## Excerpted data
******************************

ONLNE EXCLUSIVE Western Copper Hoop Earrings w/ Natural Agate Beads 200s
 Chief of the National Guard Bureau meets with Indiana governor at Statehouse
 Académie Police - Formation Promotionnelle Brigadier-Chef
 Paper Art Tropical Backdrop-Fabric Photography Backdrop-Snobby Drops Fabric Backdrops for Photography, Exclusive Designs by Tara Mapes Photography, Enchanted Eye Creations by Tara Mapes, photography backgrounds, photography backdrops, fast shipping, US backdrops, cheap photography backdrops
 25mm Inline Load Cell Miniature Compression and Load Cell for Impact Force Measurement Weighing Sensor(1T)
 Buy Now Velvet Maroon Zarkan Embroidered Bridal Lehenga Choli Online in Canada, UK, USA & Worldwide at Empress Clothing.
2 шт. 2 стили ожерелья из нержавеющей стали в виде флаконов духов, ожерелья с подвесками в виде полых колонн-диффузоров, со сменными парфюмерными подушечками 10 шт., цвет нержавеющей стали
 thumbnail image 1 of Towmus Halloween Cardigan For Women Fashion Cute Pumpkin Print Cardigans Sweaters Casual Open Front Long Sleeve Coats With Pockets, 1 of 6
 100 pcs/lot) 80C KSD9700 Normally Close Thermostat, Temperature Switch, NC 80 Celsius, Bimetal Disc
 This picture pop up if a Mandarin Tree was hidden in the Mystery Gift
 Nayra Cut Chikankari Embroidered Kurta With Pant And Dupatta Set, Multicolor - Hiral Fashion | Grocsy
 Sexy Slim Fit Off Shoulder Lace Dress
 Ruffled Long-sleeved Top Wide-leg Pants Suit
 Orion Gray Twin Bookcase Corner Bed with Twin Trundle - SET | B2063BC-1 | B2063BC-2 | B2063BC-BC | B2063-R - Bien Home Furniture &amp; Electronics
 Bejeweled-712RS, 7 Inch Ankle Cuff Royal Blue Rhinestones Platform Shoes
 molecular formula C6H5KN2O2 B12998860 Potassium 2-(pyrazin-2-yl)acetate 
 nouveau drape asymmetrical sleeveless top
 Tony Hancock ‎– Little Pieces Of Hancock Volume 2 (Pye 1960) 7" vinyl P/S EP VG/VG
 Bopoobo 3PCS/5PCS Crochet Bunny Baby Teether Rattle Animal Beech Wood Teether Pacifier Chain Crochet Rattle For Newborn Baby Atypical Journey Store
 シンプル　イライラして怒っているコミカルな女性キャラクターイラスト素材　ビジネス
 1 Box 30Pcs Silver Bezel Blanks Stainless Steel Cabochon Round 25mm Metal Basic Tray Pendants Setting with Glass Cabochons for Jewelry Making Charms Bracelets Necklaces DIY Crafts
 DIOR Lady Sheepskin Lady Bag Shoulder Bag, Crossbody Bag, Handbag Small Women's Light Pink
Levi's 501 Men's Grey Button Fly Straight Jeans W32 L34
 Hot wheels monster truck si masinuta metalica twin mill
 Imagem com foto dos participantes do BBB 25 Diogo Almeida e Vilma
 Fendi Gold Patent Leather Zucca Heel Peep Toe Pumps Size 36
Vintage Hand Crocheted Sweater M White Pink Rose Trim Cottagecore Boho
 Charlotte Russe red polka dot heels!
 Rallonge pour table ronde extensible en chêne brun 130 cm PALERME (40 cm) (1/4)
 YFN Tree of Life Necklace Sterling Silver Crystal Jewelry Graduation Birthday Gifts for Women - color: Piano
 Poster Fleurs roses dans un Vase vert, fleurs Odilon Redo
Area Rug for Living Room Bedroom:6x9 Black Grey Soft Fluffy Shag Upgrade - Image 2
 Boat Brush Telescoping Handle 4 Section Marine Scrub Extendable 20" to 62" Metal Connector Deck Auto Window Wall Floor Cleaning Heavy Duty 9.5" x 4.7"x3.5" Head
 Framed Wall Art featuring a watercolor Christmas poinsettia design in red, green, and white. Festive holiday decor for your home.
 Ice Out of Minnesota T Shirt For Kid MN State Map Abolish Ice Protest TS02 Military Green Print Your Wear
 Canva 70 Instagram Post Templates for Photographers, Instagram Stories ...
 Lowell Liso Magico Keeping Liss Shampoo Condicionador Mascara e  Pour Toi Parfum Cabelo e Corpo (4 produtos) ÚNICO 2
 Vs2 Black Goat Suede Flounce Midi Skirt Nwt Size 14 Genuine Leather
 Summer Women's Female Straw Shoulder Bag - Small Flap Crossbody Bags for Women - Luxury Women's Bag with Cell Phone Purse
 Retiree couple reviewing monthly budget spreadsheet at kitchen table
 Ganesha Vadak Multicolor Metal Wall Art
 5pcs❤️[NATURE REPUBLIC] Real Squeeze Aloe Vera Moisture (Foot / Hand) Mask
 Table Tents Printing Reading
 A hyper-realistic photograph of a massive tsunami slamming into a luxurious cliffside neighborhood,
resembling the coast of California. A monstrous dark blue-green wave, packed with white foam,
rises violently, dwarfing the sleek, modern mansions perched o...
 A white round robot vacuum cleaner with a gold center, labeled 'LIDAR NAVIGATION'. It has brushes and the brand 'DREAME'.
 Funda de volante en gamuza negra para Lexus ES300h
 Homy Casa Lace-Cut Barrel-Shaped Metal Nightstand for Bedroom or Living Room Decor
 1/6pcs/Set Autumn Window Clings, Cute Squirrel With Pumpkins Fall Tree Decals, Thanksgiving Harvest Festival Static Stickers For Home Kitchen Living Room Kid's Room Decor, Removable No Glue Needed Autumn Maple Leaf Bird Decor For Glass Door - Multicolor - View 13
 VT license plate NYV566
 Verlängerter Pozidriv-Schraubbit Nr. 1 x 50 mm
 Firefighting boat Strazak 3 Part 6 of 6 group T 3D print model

******************************

## Exercise requirements
Copy each line of the listing above that includes the word "Silver".

## Response to this exercise
 1 Box 30Pcs Silver Bezel Blanks Stainless Steel Cabochon Round 25mm Metal Basic Tray Pendants Setting with Glass Cabochons for Jewelry Making Charms Bracelets Necklaces DIY Crafts
 YFN Tree of Life Necklace Sterling Silver Crystal Jewelry Graduation Birthday Gifts for Women - color: Piano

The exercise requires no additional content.